__STUDY MATERIAL__
****************************************
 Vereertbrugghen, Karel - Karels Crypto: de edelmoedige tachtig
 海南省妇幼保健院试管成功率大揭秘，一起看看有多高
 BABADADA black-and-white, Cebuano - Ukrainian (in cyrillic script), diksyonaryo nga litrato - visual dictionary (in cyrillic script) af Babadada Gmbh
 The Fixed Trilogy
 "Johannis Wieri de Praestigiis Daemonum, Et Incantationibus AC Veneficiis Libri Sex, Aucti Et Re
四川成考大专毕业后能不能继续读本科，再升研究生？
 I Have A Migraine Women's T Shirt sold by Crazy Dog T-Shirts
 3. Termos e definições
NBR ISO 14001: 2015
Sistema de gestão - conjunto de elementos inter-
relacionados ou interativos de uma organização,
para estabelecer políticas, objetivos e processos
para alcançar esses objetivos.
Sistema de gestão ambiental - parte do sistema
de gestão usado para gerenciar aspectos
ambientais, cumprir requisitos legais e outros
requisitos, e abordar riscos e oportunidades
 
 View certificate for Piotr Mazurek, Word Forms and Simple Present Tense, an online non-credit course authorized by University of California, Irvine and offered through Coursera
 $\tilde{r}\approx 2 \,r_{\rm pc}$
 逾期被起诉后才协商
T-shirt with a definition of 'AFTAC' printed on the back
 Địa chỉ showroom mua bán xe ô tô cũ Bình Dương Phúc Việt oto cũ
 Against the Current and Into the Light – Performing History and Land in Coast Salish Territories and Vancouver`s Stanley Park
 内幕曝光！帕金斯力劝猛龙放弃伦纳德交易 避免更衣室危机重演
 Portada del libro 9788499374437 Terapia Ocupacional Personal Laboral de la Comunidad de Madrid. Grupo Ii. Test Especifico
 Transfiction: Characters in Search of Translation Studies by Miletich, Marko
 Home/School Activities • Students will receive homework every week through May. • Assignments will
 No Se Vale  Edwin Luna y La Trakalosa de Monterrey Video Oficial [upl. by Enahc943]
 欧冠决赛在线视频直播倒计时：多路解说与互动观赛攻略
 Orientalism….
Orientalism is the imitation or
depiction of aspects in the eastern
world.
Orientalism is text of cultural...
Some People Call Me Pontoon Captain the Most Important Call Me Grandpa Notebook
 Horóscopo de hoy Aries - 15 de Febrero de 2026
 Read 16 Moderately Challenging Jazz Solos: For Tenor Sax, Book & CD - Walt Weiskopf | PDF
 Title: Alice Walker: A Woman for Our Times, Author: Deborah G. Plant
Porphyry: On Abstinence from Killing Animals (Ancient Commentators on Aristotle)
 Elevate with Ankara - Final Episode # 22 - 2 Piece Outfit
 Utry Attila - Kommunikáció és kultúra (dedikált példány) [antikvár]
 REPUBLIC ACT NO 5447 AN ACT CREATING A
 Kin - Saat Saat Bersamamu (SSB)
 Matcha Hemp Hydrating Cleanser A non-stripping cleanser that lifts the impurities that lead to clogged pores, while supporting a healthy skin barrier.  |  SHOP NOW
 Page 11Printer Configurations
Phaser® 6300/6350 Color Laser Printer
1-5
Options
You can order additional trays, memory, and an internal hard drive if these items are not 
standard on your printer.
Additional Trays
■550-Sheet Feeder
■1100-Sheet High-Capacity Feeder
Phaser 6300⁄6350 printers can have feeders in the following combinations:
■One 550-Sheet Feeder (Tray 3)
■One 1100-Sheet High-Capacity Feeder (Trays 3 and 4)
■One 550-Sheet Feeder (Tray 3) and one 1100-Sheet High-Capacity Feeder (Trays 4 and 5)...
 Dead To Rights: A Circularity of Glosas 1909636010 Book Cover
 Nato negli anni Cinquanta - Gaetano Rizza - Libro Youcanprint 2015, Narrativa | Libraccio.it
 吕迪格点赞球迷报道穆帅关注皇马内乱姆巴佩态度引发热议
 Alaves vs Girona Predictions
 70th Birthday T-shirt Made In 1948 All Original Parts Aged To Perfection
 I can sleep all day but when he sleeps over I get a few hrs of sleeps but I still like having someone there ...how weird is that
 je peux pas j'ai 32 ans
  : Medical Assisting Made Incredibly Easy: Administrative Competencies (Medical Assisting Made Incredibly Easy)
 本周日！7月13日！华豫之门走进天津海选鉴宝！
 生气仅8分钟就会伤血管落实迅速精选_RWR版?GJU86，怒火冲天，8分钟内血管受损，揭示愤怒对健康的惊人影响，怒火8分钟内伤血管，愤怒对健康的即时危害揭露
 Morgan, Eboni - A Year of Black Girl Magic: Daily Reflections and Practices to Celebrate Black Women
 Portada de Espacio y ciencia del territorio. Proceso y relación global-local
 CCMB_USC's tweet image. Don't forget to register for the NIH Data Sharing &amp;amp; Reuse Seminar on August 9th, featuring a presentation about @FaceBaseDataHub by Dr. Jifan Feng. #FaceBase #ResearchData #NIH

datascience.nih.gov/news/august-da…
****************************************
__ASSIGNED TASK__
Retype every line of the material exactly as given.

__RESPONSE TO THE EXERCISE__
 Vereertbrugghen, Karel - Karels Crypto: de edelmoedige tachtig
 海南省妇幼保健院试管成功率大揭秘，一起看看有多高
 BABADADA black-and-white, Cebuano - Ukrainian (in cyrillic script), diksyonaryo nga litrato - visual dictionary (in cyrillic script) af Babadada Gmbh
 The Fixed Trilogy
 "Johannis Wieri de Praestigiis Daemonum, Et Incantationibus AC Veneficiis Libri Sex, Aucti Et Re
四川成考大专毕业后能不能继续读本科，再升研究生？
 I Have A Migraine Women's T Shirt sold by Crazy Dog T-Shirts
 3. Termos e definições
NBR ISO 14001: 2015
Sistema de gestão - conjunto de elementos inter-
relacionados ou interativos de uma organização,
para estabelecer políticas, objetivos e processos
para alcançar esses objetivos.
Sistema de gestão ambiental - parte do sistema
de gestão usado para gerenciar aspectos
ambientais, cumprir requisitos legais e outros
requisitos, e abordar riscos e oportunidades
 
 View certificate for Piotr Mazurek, Word Forms and Simple Present Tense, an online non-credit course authorized by University of California, Irvine and offered through Coursera
 $\tilde{r}\approx 2 \,r_{\rm pc}$
 逾期被起诉后才协商
T-shirt with a definition of 'AFTAC' printed on the back
 Địa chỉ showroom mua bán xe ô tô cũ Bình Dương Phúc Việt oto cũ
 Against the Current and Into the Light – Performing History and Land in Coast Salish Territories and Vancouver`s Stanley Park
 内幕曝光！帕金斯力劝猛龙放弃伦纳德交易 避免更衣室危机重演
 Portada del libro 9788499374437 Terapia Ocupacional Personal Laboral de la Comunidad de Madrid. Grupo Ii. Test Especifico
 Transfiction: Characters in Search of Translation Studies by Miletich, Marko
 Home/School Activities • Students will receive homework every week through May. • Assignments will
 No Se Vale  Edwin Luna y La Trakalosa de Monterrey Video Oficial [upl. by Enahc943]
 欧冠决赛在线视频直播倒计时：多路解说与互动观赛攻略
 Orientalism….
Orientalism is the imitation or
depiction of aspects in the eastern
world.
Orientalism is text of cultural...
Some People Call Me Pontoon Captain the Most Important Call Me Grandpa Notebook
 Horóscopo de hoy Aries - 15 de Febrero de 2026
 Read 16 Moderately Challenging Jazz Solos: For Tenor Sax, Book & CD - Walt Weiskopf | PDF
 Title: Alice Walker: A Woman for Our Times, Author: Deborah G. Plant
Porphyry: On Abstinence from Killing Animals (Ancient Commentators on Aristotle)
 Elevate with Ankara - Final Episode # 22 - 2 Piece Outfit
 Utry Attila - Kommunikáció és kultúra (dedikált példány) [antikvár]
 REPUBLIC ACT NO 5447 AN ACT CREATING A
 Kin - Saat Saat Bersamamu (SSB)
 Matcha Hemp Hydrating Cleanser A non-stripping cleanser that lifts the impurities that lead to clogged pores, while supporting a healthy skin barrier.  |  SHOP NOW
 Page 11Printer Configurations
Phaser® 6300/6350 Color Laser Printer
1-5
Options
You can order additional trays, memory, and an internal hard drive if these items are not 
standard on your printer.
Additional Trays
■550-Sheet Feeder
■1100-Sheet High-Capacity Feeder
Phaser 6300⁄6350 printers can have feeders in the following combinations:
■One 550-Sheet Feeder (Tray 3)
■One 1100-Sheet High-Capacity Feeder (Trays 3 and 4)
■One 550-Sheet Feeder (Tray 3) and one 1100-Sheet High-Capacity Feeder (Trays 4 and 5)...
 Dead To Rights: A Circularity of Glosas 1909636010 Book Cover
 Nato negli anni Cinquanta - Gaetano Rizza - Libro Youcanprint 2015, Narrativa | Libraccio.it
 吕迪格点赞球迷报道穆帅关注皇马内乱姆巴佩态度引发热议
 Alaves vs Girona Predictions
 70th Birthday T-shirt Made In 1948 All Original Parts Aged To Perfection
 I can sleep all day but when he sleeps over I get a few hrs of sleeps but I still like having someone there ...how weird is that
 je peux pas j'ai 32 ans
  : Medical Assisting Made Incredibly Easy: Administrative Competencies (Medical Assisting Made Incredibly Easy)
 本周日！7月13日！华豫之门走进天津海选鉴宝！
 生气仅8分钟就会伤血管落实迅速精选_RWR版?GJU86，怒火冲天，8分钟内血管受损，揭示愤怒对健康的惊人影响，怒火8分钟内伤血管，愤怒对健康的即时危害揭露
 Morgan, Eboni - A Year of Black Girl Magic: Daily Reflections and Practices to Celebrate Black Women
 Portada de Espacio y ciencia del territorio. Proceso y relación global-local
 CCMB_USC's tweet image. Don't forget to register for the NIH Data Sharing &amp;amp; Reuse Seminar on August 9th, featuring a presentation about @FaceBaseDataHub by Dr. Jifan Feng. #FaceBase #ResearchData #NIH

datascience.nih.gov/news/august-da…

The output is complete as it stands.